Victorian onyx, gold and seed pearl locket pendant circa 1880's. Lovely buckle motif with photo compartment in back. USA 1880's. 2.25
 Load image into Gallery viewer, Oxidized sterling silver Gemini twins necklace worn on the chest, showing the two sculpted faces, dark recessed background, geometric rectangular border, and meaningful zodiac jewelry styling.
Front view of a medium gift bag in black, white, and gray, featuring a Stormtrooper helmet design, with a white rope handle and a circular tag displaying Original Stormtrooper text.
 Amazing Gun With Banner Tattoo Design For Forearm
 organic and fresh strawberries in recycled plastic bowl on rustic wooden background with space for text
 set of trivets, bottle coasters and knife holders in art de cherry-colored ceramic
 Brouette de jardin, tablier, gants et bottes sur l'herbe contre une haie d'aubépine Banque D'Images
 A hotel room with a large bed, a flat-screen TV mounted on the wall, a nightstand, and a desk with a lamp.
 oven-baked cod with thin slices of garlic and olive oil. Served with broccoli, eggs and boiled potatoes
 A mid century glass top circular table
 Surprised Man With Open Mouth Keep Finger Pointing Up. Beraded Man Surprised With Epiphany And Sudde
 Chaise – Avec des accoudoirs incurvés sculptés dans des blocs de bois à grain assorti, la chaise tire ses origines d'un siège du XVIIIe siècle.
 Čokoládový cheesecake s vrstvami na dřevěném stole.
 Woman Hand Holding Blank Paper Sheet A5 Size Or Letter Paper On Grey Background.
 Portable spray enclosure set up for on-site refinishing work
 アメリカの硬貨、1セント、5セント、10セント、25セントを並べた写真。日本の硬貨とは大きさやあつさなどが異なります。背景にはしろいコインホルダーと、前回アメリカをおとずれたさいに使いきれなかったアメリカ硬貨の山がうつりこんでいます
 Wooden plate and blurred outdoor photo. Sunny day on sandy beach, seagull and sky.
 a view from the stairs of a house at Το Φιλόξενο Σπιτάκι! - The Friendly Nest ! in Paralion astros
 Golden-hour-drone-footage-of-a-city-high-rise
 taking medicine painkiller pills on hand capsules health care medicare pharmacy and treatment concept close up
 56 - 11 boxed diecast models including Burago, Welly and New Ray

• **Problem to work on**
Go to the line with "Surprised Man With" in the entries above and repeat every line from there through the line with "Woman Hand Holding", exactly and with no other text.

• **Completed exercise**
 Surprised Man With Open Mouth Keep Finger Pointing Up. Beraded Man Surprised With Epiphany And Sudde
 Chaise – Avec des accoudoirs incurvés sculptés dans des blocs de bois à grain assorti, la chaise tire ses origines d'un siège du XVIIIe siècle.
 Čokoládový cheesecake s vrstvami na dřevěném stole.
 Woman Hand Holding Blank Paper Sheet A5 Size Or Letter Paper On Grey Background.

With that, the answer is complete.